Jaco Pastorius talks Weather Report, playing fast, and why the bass is "the number one instrument in the world" in his first Guitar World interview from 1983
In a freewheeling and candid chat, the late bass legend opens up to GW about improvising, his approach to the four-string and that legendary '62 Jazz Bass
Here's our interview with Jaco Pastorius from the May 1983 issue of Guitar World. The original story by Peter Mengaziol ran with the headline The Wild Man of Bass Comes Clean: A Whacked-Out Interview, and the story started on page 32.
The last thing I expect when interviewing a serious musical visionary is to find a very funny man. After all his pensive poses, the critics' litanies of praise and philosophical reviews, Jaco Pastorius came up to our photographer's studio armed with more one-liners than Henny Youngman.
Nobody was ready for that! It made getting a straight answer kind of tough – because he would follow a profound question with an off-the-wall wisecrack that took ten minutes to register as perfect sense. Often his remarks went over our heads, and other times they hit us at street level.
He also brought along a sidekick, who played the part of straight man: Victor Bailey, Weather Report's new bassist. Theirs was the funniest historical meeting ever.
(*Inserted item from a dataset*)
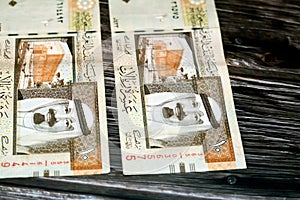 Obverse side of Saudi Arabia 10 SAR ten Saudi riyals cash money banknote with the photo of king Abdullah Bin AbdulAziz Al Saud and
There was something funny, too, about how we got with Jaco. A series of late-night phone calls from Florida to the Guitar World offices. An invitation to the famous electric bassist to fly to New York. Jaco hemming, hawing, hesitating, resisting. Ten minutes later a return call: "I'm on the next plane." The next day, GW staffers picked him up at a Soho jazz bar.
Jaco walked into Jonathan Postal's studio with his famous Fender Jazz bass slung on a strap. He led Victor into the room. I didn't expect to interview two of the most important bassists at once; such luck is rare. Jaco and Victor had met just that day, but they seemed to be longtime friends, teacher and student, based only on previous brief, backstage encounters.
After rounding up some beer, Jaco dove into the photo shoot, thereby giving me a chance to rethink the questions I'd prepared.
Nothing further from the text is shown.